Luis Cernuda, que no llegó a ser académico, defendió que la patria era la lengua. Para él España estaba en la novela de Benito Pérez Galdós. Pero también en Coyoacán, cuya plaza alcanzaba a contemplar desde su ventanita en la casa de Concha Méndez.

Diccionario de la RAE.

Quienes hablamos español, ya camino de los seiscientos millones de personas, sabemos los límites de nuestros dialectos, de nuestros usos cotidianos, de nuestras construcciones sintácticas, porque las academias nos ofrecen la referencia. Gracias a ellos nos entendemos. Yo lo sé, porque hablé tanto con un presidente del gobierno de España, como con dos premios Nobel latinoamericanos o con una mujer indígena que, en el mercado de Oaxaca, me explicó como había hecho, sin torno, la cerámica que le compré. Con todos me entendí. Todos me enseñaron cosas. Todos nos comprendimos. Y ninguno prescindió de sus peculiaridades idiomáticas, nuestra mayor riqueza intangible. O no tan intangible.

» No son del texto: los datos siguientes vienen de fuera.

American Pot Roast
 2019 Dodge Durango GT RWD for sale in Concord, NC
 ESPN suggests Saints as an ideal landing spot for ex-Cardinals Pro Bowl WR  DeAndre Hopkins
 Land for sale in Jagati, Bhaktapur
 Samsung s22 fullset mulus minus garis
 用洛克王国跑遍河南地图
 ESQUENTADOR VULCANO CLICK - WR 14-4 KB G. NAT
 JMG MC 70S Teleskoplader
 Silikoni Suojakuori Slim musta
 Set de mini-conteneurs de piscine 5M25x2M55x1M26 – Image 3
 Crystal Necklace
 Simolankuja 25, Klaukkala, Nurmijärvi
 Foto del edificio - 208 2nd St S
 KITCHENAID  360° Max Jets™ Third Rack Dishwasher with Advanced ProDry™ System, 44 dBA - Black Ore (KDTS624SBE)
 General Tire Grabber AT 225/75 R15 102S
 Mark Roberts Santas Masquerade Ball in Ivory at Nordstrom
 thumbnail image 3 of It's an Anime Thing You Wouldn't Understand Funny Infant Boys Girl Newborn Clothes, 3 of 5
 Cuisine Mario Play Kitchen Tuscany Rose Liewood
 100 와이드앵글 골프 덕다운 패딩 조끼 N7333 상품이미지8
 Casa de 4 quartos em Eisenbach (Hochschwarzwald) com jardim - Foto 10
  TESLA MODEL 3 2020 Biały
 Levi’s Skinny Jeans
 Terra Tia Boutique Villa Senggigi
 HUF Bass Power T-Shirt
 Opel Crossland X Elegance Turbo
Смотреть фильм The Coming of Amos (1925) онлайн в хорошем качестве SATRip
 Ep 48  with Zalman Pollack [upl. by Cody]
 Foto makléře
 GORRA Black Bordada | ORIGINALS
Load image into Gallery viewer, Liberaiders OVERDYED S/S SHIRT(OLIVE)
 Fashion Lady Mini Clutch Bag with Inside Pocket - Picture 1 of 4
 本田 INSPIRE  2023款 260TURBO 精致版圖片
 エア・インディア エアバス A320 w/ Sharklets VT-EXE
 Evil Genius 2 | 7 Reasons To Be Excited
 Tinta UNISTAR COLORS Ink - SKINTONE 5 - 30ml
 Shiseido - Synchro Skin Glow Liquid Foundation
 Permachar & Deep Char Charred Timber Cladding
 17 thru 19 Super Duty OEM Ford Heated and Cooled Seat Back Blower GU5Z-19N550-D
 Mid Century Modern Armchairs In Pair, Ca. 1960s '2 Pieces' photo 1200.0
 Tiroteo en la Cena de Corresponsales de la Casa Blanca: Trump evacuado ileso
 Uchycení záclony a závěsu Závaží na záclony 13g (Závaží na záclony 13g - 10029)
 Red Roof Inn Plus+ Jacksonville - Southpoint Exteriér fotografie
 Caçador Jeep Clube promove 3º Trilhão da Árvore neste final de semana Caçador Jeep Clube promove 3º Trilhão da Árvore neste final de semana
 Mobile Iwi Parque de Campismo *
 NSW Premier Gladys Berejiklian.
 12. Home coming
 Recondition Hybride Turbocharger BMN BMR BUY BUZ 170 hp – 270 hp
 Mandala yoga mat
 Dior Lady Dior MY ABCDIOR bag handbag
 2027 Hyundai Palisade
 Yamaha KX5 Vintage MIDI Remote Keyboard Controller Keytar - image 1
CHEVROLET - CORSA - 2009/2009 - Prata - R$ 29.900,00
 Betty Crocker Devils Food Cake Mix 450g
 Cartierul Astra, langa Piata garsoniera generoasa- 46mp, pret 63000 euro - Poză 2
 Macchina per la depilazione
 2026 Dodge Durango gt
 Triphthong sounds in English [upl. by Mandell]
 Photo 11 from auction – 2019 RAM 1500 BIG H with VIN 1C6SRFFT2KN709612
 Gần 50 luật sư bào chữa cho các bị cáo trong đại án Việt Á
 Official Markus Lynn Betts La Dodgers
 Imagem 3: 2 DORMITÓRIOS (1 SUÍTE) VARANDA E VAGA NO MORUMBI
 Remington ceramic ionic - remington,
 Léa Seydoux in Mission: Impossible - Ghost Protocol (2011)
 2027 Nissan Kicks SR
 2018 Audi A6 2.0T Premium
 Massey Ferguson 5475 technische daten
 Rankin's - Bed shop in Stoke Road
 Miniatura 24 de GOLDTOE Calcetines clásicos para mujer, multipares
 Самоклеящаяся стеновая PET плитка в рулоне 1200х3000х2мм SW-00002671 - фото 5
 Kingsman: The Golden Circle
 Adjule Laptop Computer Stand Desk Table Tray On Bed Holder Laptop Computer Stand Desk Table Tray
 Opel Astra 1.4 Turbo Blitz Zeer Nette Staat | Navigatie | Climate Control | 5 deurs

Se equivocan a veces pues es normal equivocarse. Los académicos, más que equivocarse, tal vez se precipiten. Pero pongamos pie en pared para defender a quienes, como esos personajes exageradamente grandes que montan guardia desde las murallas estampadas en los manuscritos medievales, custodian, certifican y archivan nuestras palabras tan asediadas. La lengua es demasiado importante como para dejar su estudio y administración a quienes sólo viven galopando en los corceles de la urgencia y la demagogia.